Fall 1999, when I was doing my Master degree in Comparative Literature at the University of Tel Aviv, we had a seminar with Professor Ziva Ben-Porat discussing autumn in literature. Prof. Ben-Porat had just returned from a year of research in Japan, where she did a comparative study of Japanese and Israeli “autumn” representations in the literature of the two cultures. She claimed that the representation of autumn in the Israeli literature is not very common since there is no “real” autumn in Israel, while in Japan the season has very prominent characteristics that appeal to writers.
At the time I could not understand her statement about the lack of an Israeli autumn; I knew for sure that the calendar says that we have autumn between September 21st to December 21st.; I knew that autumn is the time when squills and cyclamens bloom on rocky foothills; when flocks of migrating birds cross the sky of Israel on their way to warmer places; when little wagtail birds show up to stay for a longer visit; when tree leaves change their colors before falling off; when mornings and nights are cooler but the days are hot.
Now, after years of living in the US, I think I understand what she was talking about. California’s autumn is more similar to the Israeli one, but when people in the US think of fall they think of the New England-style fall; a real autumn with never-ending stains of flame-like colors on the trees; ground covered with a polychromatic tapestry of leaves; cooler days and chilly nights; crisp air; rain; smell of burning wood coming out of chimneys; all of which we don’t have in the Middle East. Looking back at the Israeli autumn it is more of a shifting in seasons, between summer and winter, rather than a season by itself.

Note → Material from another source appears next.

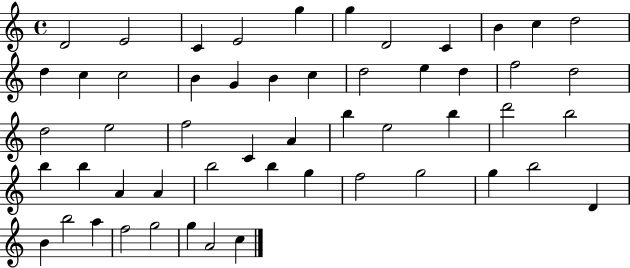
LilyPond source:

Despite the fact that I live in the Evergreen State, in Seattle we still enjoy beautiful autumns, some have turned out to be breathtaking Indian Summers. Beyond the natural impressions of the season, and despite the cultural association between fall and death, for many people autumn is a time of new beginnings; when school starts, or life after school starts; when gardeners plant spring bulbs; when colder weather begins; when holiday season begins. Autumn is a beautiful time to look outside and see the shifts on the planet, but it is also a great time to look introspectively and observe its personal representations.